Consultation Directive will fail to deliver


The EC Information and Consultation Directive is unlikely to promote dialogue and equity in the workplace unless the government is prepared to make meaningful changes to the framework of UK employment law.

According to the Institute of Employment Rights, the Directive will fail to deliver either the Government's promise of fairness at work or the TUC's vision of German-style social partnership and is in danger of ending up as a meaningless exercise.

In a report published to inform responses to the Government's consultation, the Institute warns that the Directive itself is deficient in a number of respects, not least because of the British government's campaign to dilute its contents.

"If things stay as they are, this Directive will be yet another example of a puffed-up right which raises expectations but delivers little," said Carolyn Jones, Director of the Institute.

"In the wake of the Corus disaster and others, workers look to the Government to provide rights that will protect them against arbitrary management decisions. They want to be part of the workplace process that determines their future. In its current form, this Directive will do little to prevent bad employers destroying the lives of many in their search for profits."

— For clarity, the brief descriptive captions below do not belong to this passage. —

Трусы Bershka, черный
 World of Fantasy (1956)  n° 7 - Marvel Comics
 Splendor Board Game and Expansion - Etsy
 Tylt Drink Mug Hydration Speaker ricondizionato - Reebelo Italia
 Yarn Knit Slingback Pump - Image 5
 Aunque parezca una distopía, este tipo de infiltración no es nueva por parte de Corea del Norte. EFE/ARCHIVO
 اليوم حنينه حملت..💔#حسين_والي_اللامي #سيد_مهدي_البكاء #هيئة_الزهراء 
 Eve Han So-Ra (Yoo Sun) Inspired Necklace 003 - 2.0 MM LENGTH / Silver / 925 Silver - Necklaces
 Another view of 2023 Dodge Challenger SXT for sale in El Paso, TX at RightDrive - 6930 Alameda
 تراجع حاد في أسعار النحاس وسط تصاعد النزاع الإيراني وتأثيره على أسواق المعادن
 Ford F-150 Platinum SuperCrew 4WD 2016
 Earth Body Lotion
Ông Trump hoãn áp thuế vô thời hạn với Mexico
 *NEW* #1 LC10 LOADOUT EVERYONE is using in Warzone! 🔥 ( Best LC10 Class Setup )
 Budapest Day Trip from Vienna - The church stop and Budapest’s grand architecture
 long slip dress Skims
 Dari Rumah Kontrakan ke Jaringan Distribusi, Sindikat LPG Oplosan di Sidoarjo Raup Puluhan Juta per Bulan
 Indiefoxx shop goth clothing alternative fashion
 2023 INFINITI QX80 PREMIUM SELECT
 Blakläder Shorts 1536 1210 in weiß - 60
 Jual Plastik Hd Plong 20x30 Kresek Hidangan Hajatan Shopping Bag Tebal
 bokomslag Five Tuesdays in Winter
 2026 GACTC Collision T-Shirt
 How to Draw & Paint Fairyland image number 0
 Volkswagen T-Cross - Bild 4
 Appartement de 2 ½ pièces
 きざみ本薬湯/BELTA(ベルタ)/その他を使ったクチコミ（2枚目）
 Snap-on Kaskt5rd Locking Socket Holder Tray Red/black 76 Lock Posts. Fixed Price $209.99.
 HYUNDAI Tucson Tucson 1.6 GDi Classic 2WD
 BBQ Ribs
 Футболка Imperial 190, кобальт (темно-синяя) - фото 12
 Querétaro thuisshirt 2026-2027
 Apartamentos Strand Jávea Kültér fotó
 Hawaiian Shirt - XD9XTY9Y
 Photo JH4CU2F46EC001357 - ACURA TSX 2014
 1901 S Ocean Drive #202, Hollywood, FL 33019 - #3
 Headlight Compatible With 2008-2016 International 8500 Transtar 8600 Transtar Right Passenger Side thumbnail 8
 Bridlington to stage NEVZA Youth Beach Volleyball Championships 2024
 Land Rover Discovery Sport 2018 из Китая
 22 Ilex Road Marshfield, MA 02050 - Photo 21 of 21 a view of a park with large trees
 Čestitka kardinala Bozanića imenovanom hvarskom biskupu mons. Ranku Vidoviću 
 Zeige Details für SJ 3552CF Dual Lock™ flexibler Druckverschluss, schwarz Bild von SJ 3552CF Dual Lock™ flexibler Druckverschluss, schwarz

Two major obstacles to effective worker participation are the absence of collective bargaining at sectoral level and the exclusion of small businesses from the statutory recognition procedure.

"One of the key supports of the German social model is the institution of collective bargaining at sectoral level, where minimum standards are set,” says the report’s author, Dr Glynis Truter.

“One of the benefits of sectoral bargaining is increased collective bargaining coverage: in Germany the coverage rate is around 70 per cent, which rises to around 85 per cent when account is taken of companies basing the terms and conditions of their workers on collectively-agreed provisions.

“In the UK, on the other hand, decentralisation of collective bargaining over the past 20 years has seen the numbers of workers covered by a collective agreement drop from over 70 per cent to less than 30 per cent."

The minimalist approach that the government appears to have adopted to the implementation of the Directive and its reluctance to introduce anything more than limited changes to the Employment Relations Act, suggests that the promise of fairness and partnership at work has been abandoned, Dr Truter added.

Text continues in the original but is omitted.